---------- PROVIDED MATERIAL

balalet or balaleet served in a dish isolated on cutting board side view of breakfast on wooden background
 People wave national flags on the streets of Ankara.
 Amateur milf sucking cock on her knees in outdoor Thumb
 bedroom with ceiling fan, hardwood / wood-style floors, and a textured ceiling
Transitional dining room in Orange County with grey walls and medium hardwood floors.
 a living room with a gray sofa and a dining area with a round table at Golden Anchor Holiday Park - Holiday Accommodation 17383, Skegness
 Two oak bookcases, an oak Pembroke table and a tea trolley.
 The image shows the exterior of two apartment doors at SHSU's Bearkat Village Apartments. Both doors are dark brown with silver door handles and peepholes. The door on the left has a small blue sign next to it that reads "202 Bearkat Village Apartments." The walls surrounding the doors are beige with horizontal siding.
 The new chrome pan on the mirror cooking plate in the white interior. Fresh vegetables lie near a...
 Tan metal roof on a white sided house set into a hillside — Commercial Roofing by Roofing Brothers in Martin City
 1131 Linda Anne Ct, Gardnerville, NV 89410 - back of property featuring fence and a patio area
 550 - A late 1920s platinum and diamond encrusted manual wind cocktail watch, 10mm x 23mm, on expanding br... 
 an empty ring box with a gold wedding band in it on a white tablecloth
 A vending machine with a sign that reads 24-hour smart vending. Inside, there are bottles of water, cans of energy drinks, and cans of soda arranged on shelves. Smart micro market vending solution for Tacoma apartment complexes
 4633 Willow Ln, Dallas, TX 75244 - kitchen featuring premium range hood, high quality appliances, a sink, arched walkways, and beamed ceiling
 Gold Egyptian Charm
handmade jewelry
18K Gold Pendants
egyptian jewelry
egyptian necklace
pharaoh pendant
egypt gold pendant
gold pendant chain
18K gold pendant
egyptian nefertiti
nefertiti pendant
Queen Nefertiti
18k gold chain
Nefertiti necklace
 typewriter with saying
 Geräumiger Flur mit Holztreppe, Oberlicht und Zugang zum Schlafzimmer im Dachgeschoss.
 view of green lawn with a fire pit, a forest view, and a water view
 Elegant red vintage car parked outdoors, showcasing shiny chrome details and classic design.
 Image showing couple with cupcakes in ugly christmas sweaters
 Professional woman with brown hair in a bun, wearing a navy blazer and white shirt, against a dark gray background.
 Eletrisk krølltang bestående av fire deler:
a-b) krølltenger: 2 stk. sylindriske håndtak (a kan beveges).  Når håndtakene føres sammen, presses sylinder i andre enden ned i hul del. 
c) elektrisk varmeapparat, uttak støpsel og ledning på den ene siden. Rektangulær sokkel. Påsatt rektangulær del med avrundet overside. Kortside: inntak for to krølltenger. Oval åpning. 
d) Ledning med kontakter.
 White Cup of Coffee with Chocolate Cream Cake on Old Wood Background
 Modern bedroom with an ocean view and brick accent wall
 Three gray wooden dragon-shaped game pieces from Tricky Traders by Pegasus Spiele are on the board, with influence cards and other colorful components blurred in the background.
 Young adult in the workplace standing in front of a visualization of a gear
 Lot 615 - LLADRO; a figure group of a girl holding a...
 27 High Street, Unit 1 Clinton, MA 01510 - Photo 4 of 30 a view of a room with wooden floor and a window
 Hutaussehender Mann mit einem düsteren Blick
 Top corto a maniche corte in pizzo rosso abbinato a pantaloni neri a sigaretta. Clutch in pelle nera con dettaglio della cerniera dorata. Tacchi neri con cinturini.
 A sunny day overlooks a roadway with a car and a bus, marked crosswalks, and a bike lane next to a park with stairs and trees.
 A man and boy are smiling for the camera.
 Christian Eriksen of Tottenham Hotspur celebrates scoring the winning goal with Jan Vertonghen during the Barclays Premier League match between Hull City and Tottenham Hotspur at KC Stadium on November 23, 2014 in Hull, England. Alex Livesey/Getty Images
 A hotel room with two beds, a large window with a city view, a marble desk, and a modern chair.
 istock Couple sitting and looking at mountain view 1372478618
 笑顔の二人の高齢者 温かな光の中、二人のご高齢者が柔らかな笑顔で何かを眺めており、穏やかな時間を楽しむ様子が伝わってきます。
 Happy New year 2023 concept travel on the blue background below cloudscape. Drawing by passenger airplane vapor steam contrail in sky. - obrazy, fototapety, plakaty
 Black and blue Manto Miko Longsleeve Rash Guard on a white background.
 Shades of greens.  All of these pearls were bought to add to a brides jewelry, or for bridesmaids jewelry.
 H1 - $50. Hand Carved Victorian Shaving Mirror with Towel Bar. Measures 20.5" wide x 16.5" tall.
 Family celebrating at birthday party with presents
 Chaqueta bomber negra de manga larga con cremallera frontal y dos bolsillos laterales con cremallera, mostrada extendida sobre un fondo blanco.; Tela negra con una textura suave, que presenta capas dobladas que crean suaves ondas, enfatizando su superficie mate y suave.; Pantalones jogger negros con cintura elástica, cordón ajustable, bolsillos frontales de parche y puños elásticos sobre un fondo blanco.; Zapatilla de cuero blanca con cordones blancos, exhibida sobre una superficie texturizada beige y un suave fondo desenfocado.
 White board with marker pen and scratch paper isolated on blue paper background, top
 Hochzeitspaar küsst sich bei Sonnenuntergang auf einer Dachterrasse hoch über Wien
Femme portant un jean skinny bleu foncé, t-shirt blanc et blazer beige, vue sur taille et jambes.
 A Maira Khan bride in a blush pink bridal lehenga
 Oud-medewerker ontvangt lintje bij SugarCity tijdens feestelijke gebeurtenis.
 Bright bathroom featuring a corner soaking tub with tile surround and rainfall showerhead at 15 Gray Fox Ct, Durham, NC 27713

--------------------

WORK INSTRUCTION:
Would you copy every line of the entries that includes the word "water"?

RESULT FOR THIS TASK:
 A vending machine with a sign that reads 24-hour smart vending. Inside, there are bottles of water, cans of energy drinks, and cans of soda arranged on shelves. Smart micro market vending solution for Tacoma apartment complexes
 view of green lawn with a fire pit, a forest view, and a water view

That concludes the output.